Figure 3 shows the distribution of model-fit categories (poor, intermediate, good) at the first (T1) and second (T2) available TDM measurements for vancomycin and amikacin in the MIPD and standard-of-care groups. Bars reflect the number of available observations at each time point. Blank areas indicate patients without a second TDM measurement, resulting in different numbers of observations contributing to T2 across groups.

Figure 3
Bar charts comparing MIPD and standard protocols for Vancomycin and Amikacin. The charts display categories labeled

Figure 3. Alluvial plot of changes in pharmacokinetic model fit from T1 to T2 in MIPD and SoC Groups for Vancomycin and Amikacin MIPD: Model Informed Precision Dosing, T1: 1st Serum Level-model fit category, T2: 2nd serum level model fit category, x-axis: time, y-axis: counts.

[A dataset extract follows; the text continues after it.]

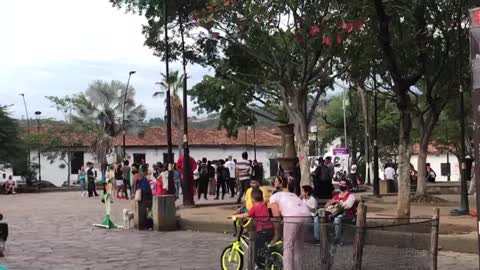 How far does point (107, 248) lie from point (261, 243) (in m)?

Among vancomycin users, the initial measured serum concentrations were higher in the MIPD group [median 10.0 mg/L (Q1–Q3: 8.1–18.7)] compared to the SoC group [8.7 mg/L (4.8–13.8)], although this difference was not statistically significant (p = 0.313). However, when AUC values were compared, patients in the MIPD group had higher AUC1 values [440 mg·h/L (398–577)] than those in the SoC group [330 mg·h/L (267–451)] (p = 0.049). This difference was expected, as the MIPD arm directly targeted AUC-based exposure while the SoC arm used trough-based monitoring. Therefore, the higher AUC observed in the MIPD group is consistent with the underlying principle of MIPD, which aims to reach therapeutic targets more rapidly and maintain them with greater consistency, rather than reflecting a methodological bias or random variation in prediction accuracy.

No significant differences were found between groups in terms of second observed or predicted serum concentrations, though the median predicted concentration was numerically higher in the MIPD group [11.56 mg/L vs. 9.36 mg/L, p = 0.166].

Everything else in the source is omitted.